Proche d’une démarche documentaire (les acteurs ont été repérés dans la rue, et le jeune Farhad joue à quelques détails près sa propre vie), Abolfazl Jalili affiche dès le début du film des intentions clairement mises en forme et partant d’un postulat : le questionnement incessant des personnages entre eux et l’usage systématique du champ-contrechamp. La parole prime. Et dans un but précis : rendre palpable le malaise permanent d’un individu qui doit sans cesse justifier d’une existence remise en cause par l’absence de papiers d’identité. La mise en place de situations souvent dramatiques (Farhad vole la carte de son voisin et se fait passer pour lui afin de trouver du travail) contribue à creuser avec acuité le désarroi d’une situation déjà précaire.

Les questions, qui constituent la majeure partie des dialogues, acquièrent cependant une fonction moins pertinente lorsqu’elles sont organisées sous la forme de discussions qui rappellent vaguement les « dialogues-interrogatoires » de Godard dans Masculin, féminin. Les personnages doivent ainsi répondre de leurs actes devant une mystérieuse voix (vraisemblablement l’émanation du cinéaste), maintenue en hors champ. C’est dans ces moments-là que les intentions pourtant louables du réalisateur deviennent malheureusement trop explicites. Ses questions, du type « tu crois que c’est bien ou mal ce que tu as fait ? », s’en tiennent à une pédagogie de base, sans vraiment soulever de paradoxes signifiants, ni induire de réponses judicieuses.

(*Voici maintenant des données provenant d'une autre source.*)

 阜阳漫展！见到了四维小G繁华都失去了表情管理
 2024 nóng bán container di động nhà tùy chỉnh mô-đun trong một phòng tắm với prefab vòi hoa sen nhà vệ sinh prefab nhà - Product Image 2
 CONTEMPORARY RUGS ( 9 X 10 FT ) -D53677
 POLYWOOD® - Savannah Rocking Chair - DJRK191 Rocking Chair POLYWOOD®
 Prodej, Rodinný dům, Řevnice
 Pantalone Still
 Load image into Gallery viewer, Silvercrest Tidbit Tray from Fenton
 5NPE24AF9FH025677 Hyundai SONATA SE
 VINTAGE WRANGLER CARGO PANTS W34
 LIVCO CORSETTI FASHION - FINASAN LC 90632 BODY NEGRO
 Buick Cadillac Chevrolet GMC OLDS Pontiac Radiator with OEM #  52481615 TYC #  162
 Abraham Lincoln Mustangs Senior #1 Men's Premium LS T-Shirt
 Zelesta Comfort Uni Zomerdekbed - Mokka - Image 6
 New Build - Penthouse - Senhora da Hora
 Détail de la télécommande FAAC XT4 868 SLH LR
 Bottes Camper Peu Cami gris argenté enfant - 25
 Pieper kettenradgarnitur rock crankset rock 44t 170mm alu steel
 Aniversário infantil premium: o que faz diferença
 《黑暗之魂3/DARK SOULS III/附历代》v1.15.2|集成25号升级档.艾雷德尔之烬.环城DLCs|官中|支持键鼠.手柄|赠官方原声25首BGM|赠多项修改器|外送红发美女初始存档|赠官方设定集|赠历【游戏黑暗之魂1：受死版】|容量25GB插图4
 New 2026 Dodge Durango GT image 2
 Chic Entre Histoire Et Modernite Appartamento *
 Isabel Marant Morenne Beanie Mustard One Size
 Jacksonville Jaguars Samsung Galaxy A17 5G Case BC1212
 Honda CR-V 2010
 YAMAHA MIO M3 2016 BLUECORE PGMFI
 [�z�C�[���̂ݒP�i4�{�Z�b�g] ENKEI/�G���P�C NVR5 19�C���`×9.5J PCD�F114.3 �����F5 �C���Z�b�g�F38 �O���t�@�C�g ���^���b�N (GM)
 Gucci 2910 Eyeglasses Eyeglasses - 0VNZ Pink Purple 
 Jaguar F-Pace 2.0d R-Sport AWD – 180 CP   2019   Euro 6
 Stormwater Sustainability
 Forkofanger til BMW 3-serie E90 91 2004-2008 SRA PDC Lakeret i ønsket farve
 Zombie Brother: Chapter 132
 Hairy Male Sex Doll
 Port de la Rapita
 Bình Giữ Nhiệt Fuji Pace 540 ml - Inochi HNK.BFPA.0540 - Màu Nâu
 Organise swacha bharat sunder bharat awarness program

Ce système des questions-réponses, distillées avec une monotonie trahissant les carences rythmiques du film, finit par lasser du fait de sa répétition incessante. On aurait préféré que Jalili ose s’émanciper de ses objectifs de départ pour se confronter aux aléas de la vie de Farhad. Abandonner le raisonnement, créer de l’affect, pour enfin donner corps aux personnages, aurait pu constituer une échappée idéale pour ce film enferré dans une logique beaucoup trop rigide.